DATA PROVIDED:
====
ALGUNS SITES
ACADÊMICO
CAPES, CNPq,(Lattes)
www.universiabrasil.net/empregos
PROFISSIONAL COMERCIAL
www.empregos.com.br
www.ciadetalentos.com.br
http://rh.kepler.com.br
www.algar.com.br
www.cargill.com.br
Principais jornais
====
TASK STATEMENT:
Please transcribe exactly the line containing "www.algar.com.br" and every line after it through the end of the records, and nothing else.

PROBLEM SOLUTION:
www.algar.com.br
www.cargill.com.br
Principais jornais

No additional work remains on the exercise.